# can goats overeat on alfalfa pellets?



## bj taylor (Oct 17, 2013)

i'm new to the pellets.  I've been giving them pretty short rations of alfalfa pellets.  i'm always afraid of letting them have much of anything.  they're fine & fit now, but winter is coming & the forage is getting thin.  do I just dump the alfalfa & let them have at it - or do it ration it out?

thanks


----------



## WhiteMountainsRanch (Oct 18, 2013)

*Depends on how heavy you want them to be. Mine won't necessarily over-eat, but if I dump a bunch in the first few days they will pig out and then ration themselves, they will still eat until they are full all the time and they gain weight well on alfalfa pellets- if I left them in all the time they would be too fat.*


----------



## meme (Oct 19, 2013)

Alfalfa hay can be given out free-choice, but I would definitely measure out the pellets.


----------



## goatboy1973 (Oct 27, 2013)

Alfalfa is not recommended as a sole food source for male goats (bucks or wethers) due to the high Calcium content in alfalfa which can cause urinary calculi (bladder stones) and blockages in the urinary system of male goats which can in turn lead to death. Alfalfa also has a natural form of estrogen (female hormone) which can cause the female goats to start fighting amongst themselves. Mixing it with other feeds or given in small amts. in frequently is perfectly okay. Giving it as a sole source of feed can cause the above problems in goats and diarrhea also. I feed alfalfa sparingly to weanlings and preg. and lactating does also without any problems at all.
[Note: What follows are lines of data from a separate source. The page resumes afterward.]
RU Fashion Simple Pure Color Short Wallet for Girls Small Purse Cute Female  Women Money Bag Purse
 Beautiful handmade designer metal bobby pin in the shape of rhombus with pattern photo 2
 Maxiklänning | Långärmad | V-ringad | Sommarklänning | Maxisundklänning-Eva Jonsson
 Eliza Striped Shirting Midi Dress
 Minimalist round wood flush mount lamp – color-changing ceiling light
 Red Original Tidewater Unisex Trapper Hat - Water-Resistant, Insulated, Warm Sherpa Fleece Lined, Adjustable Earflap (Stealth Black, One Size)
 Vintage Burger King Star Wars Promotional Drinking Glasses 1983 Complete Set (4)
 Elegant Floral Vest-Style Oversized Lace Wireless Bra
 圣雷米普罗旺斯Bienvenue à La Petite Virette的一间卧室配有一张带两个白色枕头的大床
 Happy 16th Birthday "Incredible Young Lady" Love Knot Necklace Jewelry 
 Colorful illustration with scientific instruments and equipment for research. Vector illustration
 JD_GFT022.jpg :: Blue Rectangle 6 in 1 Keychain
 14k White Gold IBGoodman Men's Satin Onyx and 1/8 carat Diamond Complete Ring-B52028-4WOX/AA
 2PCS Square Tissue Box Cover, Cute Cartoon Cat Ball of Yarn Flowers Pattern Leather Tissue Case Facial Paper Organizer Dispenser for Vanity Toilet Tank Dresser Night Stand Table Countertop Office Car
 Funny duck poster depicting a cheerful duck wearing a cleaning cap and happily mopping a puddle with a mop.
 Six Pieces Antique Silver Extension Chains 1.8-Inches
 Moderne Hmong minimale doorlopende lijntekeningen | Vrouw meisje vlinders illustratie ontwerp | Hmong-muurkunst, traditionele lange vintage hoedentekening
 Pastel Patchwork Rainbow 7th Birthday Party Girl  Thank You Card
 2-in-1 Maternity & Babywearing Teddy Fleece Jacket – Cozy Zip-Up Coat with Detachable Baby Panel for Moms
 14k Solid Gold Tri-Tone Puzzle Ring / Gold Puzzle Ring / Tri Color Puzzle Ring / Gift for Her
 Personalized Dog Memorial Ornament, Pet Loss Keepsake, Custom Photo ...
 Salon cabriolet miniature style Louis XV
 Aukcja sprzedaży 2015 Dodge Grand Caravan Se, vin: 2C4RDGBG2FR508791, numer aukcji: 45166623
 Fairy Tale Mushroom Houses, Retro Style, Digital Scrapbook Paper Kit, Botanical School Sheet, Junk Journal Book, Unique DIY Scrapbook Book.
The key is to feed it in conjunction with other feed and a good grass hay with plenty of free choice goat minerals and clean fresh H2O to complete a well balanced goat diet.


----------



## bj taylor (Oct 27, 2013)

thank you all for the advice and input.  i'm going to work toward a herd small enough they can thrive on native forage.  i'm about four goats too many & i'm going to have my daughter teach me how to take  pics & post them on craigs list.  boy, the alfalfa pellets were a mess.  i'll reserve them for a very sparing use.


----------